Vor allem aber hat der Chor unter Leitung von Susanne Siefken gezeigt, weshalb so viele althergebrachte Gesangsvereine und Chöre an Überalterung und akutem Mitgliederschwund leiden. Es könnte am Repertoire liegen und an der Art, was man daraus macht. Ob in Dur oder Moll: Singen in Gemeinschaft macht immer noch großen Spaß, das hat CantaMare jedenfalls eindrucksvoll unter Beweis gestellt.

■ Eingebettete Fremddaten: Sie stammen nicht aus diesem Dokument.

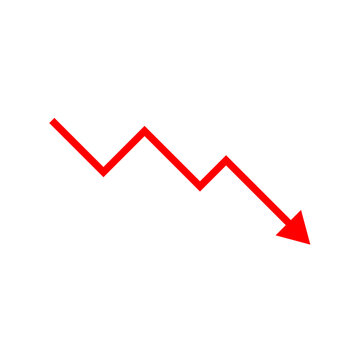 Red Bearish Decline Arrow Chart Icon Isolated on White Background for Finance Stock Loss Concept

Im Publikum hat sich das längst herumgesprochen, nicht umsonst war das Konzert lange vorher ausverkauft. Rund 170 Besucher rückten im ausverkauften Gemeindehaus Neustadtgödens eng zusammen und genossen den Konzertabend.

Als Solisten brillierten unter anderem Sheila Heyartz – zugleich auch Sängerin der Old Marytown Jazzband in Jever – mit „When I fall in love“ und Hartmut Siefken in „Try to remember“.

Dass CantaMare auch einen Song der Brachial-Rocker Rammstein im Repertoire hat, spricht für die Qualität, Flexibilität und Experimentierfreudigkeit dieses Chores. Mit Rammsteins „Engel“, dargeboten bei Kerzenschein, gab es den finalen Gänsehautmoment des Abends. Und den leidenschaftlichen Appell von Chorleiterin Susanne Siefken, die Veranstaltungsreihe unbedingt fortzusetzen.